WPD has received significant funding from Ofgem’s Low Carbon Network Fund (LCNF) to trial innovative low-carbon technologies as well as new commercial arrangements on its network:

▪   The Lincolnshire Low Carbon Hub aims to increase the amount of renewable energy that can be connected to the distribution network in the local area through wind farms and biomass power plants.

▪   Low Voltage Templates project encourages the use of domestic solar PV, heat pumps and the improvement of insulation around the house.

▪   Buildings, Renewables and Integrated Storage with Tariffs to Overcome network Limitations (BRISTOL) is looking for viable solutions to lower the stress low carbon technologies are bringing to the low-voltage distribution network.

▪   FlexDGrid: Advanced Fault Level Management in Birmingham is trialling a number of ways to overcome faults caused by the connection of low-carbon technology to electricity networks.

Of its Low Carbon Network Fund projects, WPD’s Flexible Approaches for Low Carbon Optimised Networks (FALCON) is the only one to incorporate demand response trials to date.

The FALCON project

The FALCON project began in 2012 and will operate for another two years.

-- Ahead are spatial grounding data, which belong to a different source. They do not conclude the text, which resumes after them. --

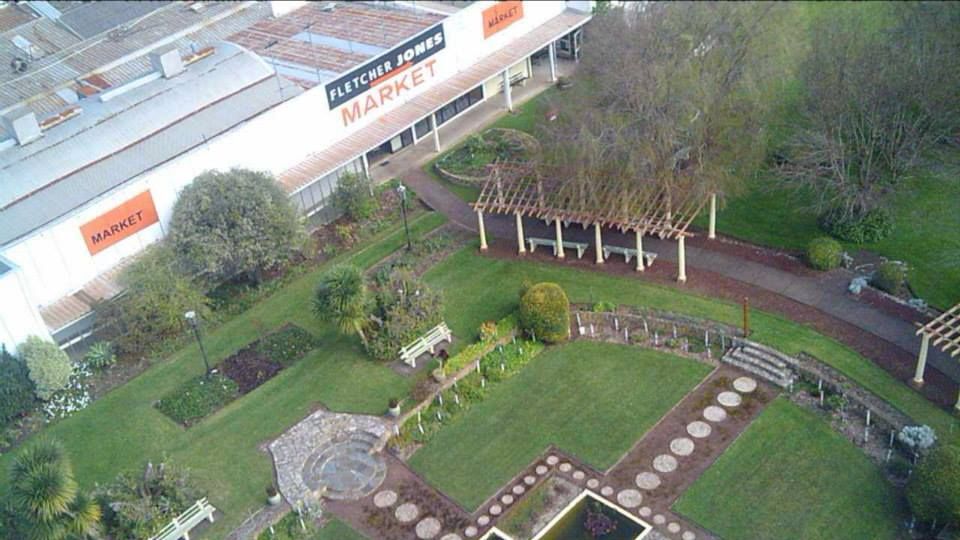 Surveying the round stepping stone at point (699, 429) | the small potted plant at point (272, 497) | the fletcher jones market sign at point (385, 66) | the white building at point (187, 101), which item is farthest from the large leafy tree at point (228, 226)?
the round stepping stone at point (699, 429)

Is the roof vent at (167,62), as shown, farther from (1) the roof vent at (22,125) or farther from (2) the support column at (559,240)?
(2) the support column at (559,240)

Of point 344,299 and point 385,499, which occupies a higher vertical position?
point 344,299

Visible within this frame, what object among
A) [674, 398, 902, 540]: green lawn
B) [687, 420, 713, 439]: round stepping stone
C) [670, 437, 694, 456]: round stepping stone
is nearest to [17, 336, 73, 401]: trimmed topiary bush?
[670, 437, 694, 456]: round stepping stone

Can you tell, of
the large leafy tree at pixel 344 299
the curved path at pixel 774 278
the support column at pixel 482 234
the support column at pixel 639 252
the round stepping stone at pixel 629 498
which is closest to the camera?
the round stepping stone at pixel 629 498

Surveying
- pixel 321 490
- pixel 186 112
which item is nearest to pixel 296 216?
pixel 186 112

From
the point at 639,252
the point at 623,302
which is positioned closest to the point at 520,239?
the point at 639,252

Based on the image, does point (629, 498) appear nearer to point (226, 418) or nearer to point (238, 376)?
point (226, 418) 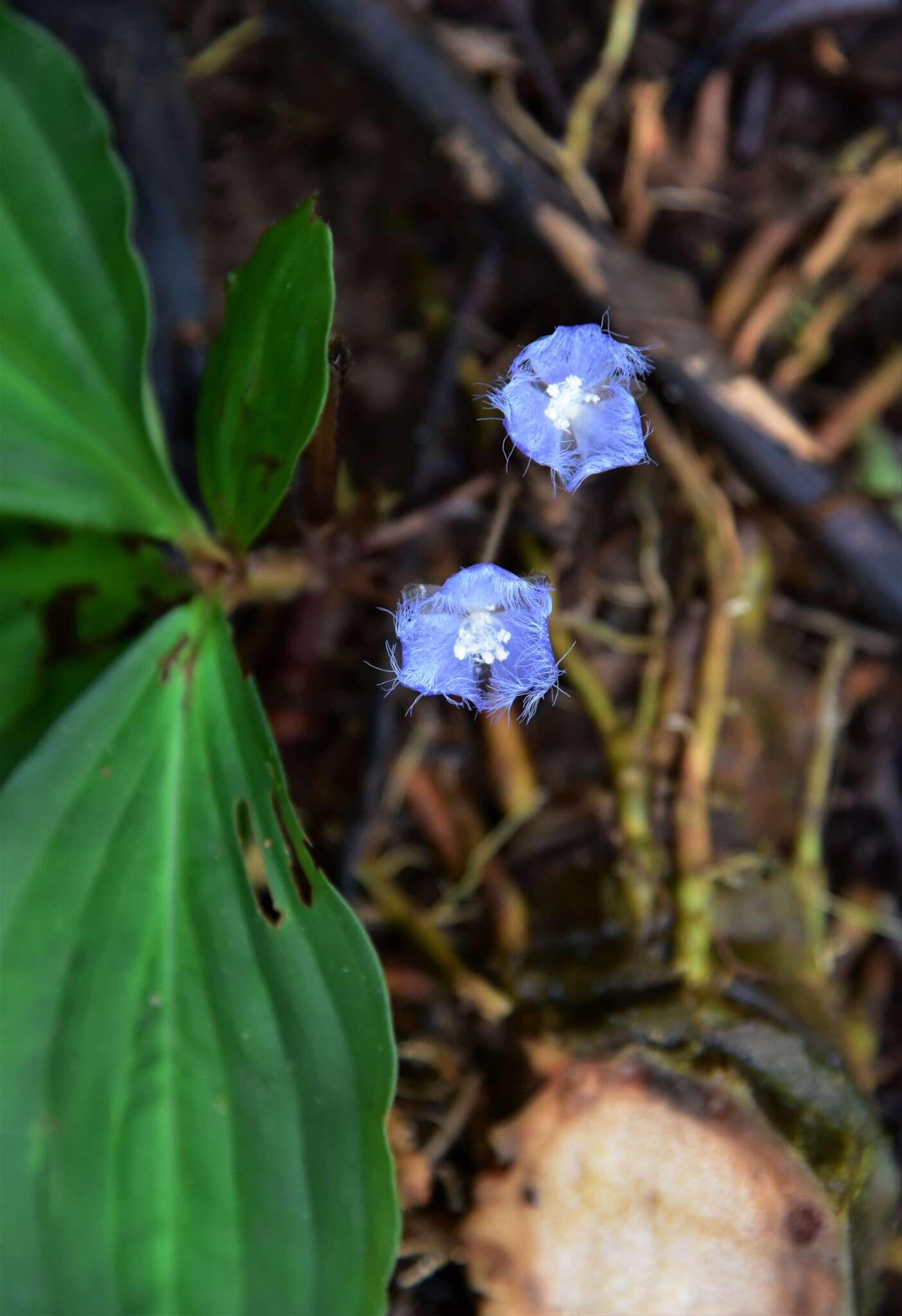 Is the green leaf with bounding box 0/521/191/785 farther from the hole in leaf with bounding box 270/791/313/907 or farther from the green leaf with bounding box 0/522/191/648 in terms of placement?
the hole in leaf with bounding box 270/791/313/907

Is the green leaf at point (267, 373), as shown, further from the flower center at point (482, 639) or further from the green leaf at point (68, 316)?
the flower center at point (482, 639)

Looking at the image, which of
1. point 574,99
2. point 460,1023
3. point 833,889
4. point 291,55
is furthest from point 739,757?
point 291,55

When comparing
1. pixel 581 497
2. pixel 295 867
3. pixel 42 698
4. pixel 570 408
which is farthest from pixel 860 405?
pixel 42 698

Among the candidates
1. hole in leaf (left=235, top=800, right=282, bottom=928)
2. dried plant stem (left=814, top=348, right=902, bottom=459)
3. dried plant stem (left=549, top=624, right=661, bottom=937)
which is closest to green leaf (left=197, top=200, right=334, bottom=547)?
hole in leaf (left=235, top=800, right=282, bottom=928)

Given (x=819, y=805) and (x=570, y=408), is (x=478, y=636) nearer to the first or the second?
(x=570, y=408)

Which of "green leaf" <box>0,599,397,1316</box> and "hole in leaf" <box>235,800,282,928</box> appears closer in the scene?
"green leaf" <box>0,599,397,1316</box>

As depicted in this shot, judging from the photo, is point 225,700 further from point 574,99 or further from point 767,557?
point 574,99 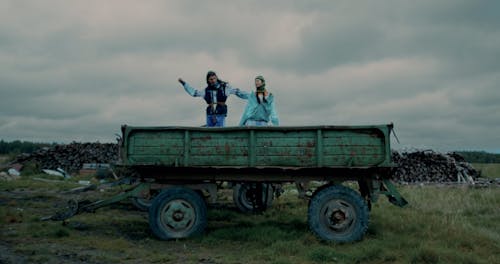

Awarded £13m from the LCNF, the programme aims to control the distribution of electricity to increase capacity on the 11kV network around the Milton Keynes area.  FALCON will test six different alternatives to coping with electricity demand across 200 substations, four of which are based around engineering approaches, with the remaining two approaches related to commercial techniques.

Engineering approaches:

▪   Dynamic calculation and utilisation of 11kV asset ratings to free up unused capacity

▪   Automated load transfer between 11kV feeders within primary substations to increase available capacity

▪   Creation of an interconnected meshed 11kV network in suburban and rural areas in order to maximise capacity

▪   Implementation of new battery technologies

Commercial approaches or demand response:

▪   Control of distributed generation to increase capacity on the 11kV network using new commercial techniques

▪   Control of customer demand to increase capacity on the 11kV network using new commercial techniques

The commercial approaches test different types of consumer responses to incentives to reduce their electricity consumption. Demand Response refers to when a company cuts back on its consumption to avoid peak time charges, or utilises embedded generation, which then awards participants for cutting back their consumption in response to a signal from WPD’s control centre.

These six approaches will allow WPD to assess the best ways to manage change in network demand that is expected to arise from increased usage of low carbon technologies. During these trials, the results will be put into a Scenario Investment Model (SIM), allowing WPD to choose which solution is best for a low carbon future under various smart grid scenarios.

WPD can combine these six different approaches to understand which combinations will be most effective on their 11kV networks. The model is expected to help WPD and other DNOs predict more accurate load profiles using 48 half-hour periods to analyse the different load and generation on the network throughout the day. When a network planner is using SIM and a fault or network alteration arises on the network, SIM can provide recommendations of techniques that can help resolve the fault efficiently and effectively. It will allow the planners to select the best tool from the toolbox.

FALCON demand response trials

WPD is working with aggregators, like KiWi Power, to recruit trial participants, as well as approaching potential participants directly in the trials area of Milton Keynes. The network that was chosen for the trials doesn’t currently suffer from constraints; however, it will be benefitting from the monitoring to test the six different alternatives of intervention.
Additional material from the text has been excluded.